Over the summer of 2018, Supreme Court Justice Kennedy retired, prompting President Donald Trump to appoint his second judge to the Supreme Court of the United States so far. He selected Conservative Catholic Brett Kavanaugh, which was a controversial, but not surprising choice. With such a slim Republican majority, Kavanaugh’s pending confirmation will result in a further shift to the political right.

Kavanaugh considers himself a strict textualist, meaning he values context in terms of evaluating laws and the Constitution. He also claims to value humility and empathy—seeing things from the other side of the aisle, as well as stare decisis or precedent. Such priorities would seem to make the perfect candidate for the highest court in the country, however, not everyone is on board with his confirmation.    

One concern over Kavanaugh’s confirmation is the future of Roe v. Wade, which was the Supreme Court decision that legalized abortion nationally. As a Conservative Catholic, such concern is warranted from supporters of the right to choose.
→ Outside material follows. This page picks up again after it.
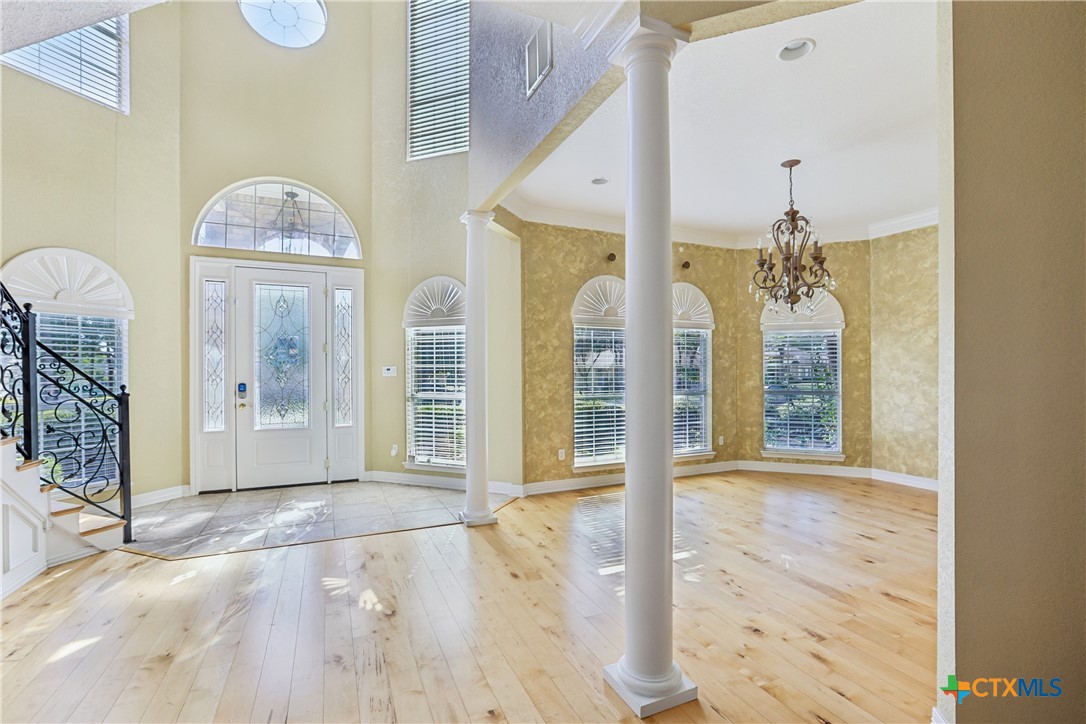 main property photo 18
Those who support keeping options open for women have pressured Kavanaugh to take a solid stance. His reply? As someone who values precedent, it is “settled law.” In reality, whether that means it will go untouched, restricted, or overturned is still unclear.

Other concerns have been raised as well: Where will he side on the Affordable Care Act? Is he conservative enough for traditionalists such as Texas Senator Cruz? More recently, Senate Democrats, especially California Senator Harris, have demonstrated where they stand by pressing the nominee in confirmation hearings on his stance on certain issues and on just how impartial he will be. More recently, a professor from California has come forward with a sexual assault allegation against Kavanaugh after her name was nonconsensually publicized. Judge Kavanaugh denied the allegation.

While the president is given the power to appoint new justices, Article 2 Section 2 of the Constitution dictates that it is the Senate’s job to vote to confirm the appointee. While it originally called for a ⅗ majority—or 60 Senate votes—it has recently shifted to a nuclear option with the last Supreme Court confirmation (Trump’s pick Gorsuch). A simple majority of 51 votes in late September will likely secure Kavanaugh’s position for the rest of his life and likely a fair portion of ours.